Raw data:
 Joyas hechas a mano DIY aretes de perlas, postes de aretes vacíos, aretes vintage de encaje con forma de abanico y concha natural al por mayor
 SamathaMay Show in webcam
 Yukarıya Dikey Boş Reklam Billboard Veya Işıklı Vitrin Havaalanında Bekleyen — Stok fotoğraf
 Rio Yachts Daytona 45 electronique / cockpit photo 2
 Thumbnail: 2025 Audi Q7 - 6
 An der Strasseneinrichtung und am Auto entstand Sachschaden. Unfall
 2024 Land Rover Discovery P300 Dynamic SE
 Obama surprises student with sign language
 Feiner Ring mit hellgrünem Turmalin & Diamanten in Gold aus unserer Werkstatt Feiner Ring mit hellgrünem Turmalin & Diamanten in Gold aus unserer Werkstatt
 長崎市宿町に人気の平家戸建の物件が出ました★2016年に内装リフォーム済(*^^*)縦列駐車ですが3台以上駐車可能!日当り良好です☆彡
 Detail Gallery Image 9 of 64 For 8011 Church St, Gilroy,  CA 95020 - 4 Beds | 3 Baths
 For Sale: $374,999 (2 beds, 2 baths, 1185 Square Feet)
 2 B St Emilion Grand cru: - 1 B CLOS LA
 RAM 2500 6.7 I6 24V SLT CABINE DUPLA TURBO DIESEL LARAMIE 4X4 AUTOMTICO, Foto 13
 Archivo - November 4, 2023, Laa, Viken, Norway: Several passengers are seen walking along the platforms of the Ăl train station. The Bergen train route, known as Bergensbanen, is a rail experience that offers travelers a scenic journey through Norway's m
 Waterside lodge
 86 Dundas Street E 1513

Work request: Write the data above out again in full, exactly.

Exercise output:
 Joyas hechas a mano DIY aretes de perlas, postes de aretes vacíos, aretes vintage de encaje con forma de abanico y concha natural al por mayor
 SamathaMay Show in webcam
 Yukarıya Dikey Boş Reklam Billboard Veya Işıklı Vitrin Havaalanında Bekleyen — Stok fotoğraf
 Rio Yachts Daytona 45 electronique / cockpit photo 2
 Thumbnail: 2025 Audi Q7 - 6
 An der Strasseneinrichtung und am Auto entstand Sachschaden. Unfall
 2024 Land Rover Discovery P300 Dynamic SE
 Obama surprises student with sign language
 Feiner Ring mit hellgrünem Turmalin & Diamanten in Gold aus unserer Werkstatt Feiner Ring mit hellgrünem Turmalin & Diamanten in Gold aus unserer Werkstatt
 長崎市宿町に人気の平家戸建の物件が出ました★2016年に内装リフォーム済(*^^*)縦列駐車ですが3台以上駐車可能!日当り良好です☆彡
 Detail Gallery Image 9 of 64 For 8011 Church St, Gilroy,  CA 95020 - 4 Beds | 3 Baths
 For Sale: $374,999 (2 beds, 2 baths, 1185 Square Feet)
 2 B St Emilion Grand cru: - 1 B CLOS LA
 RAM 2500 6.7 I6 24V SLT CABINE DUPLA TURBO DIESEL LARAMIE 4X4 AUTOMTICO, Foto 13
 Archivo - November 4, 2023, Laa, Viken, Norway: Several passengers are seen walking along the platforms of the Ăl train station. The Bergen train route, known as Bergensbanen, is a rail experience that offers travelers a scenic journey through Norway's m
 Waterside lodge
 86 Dundas Street E 1513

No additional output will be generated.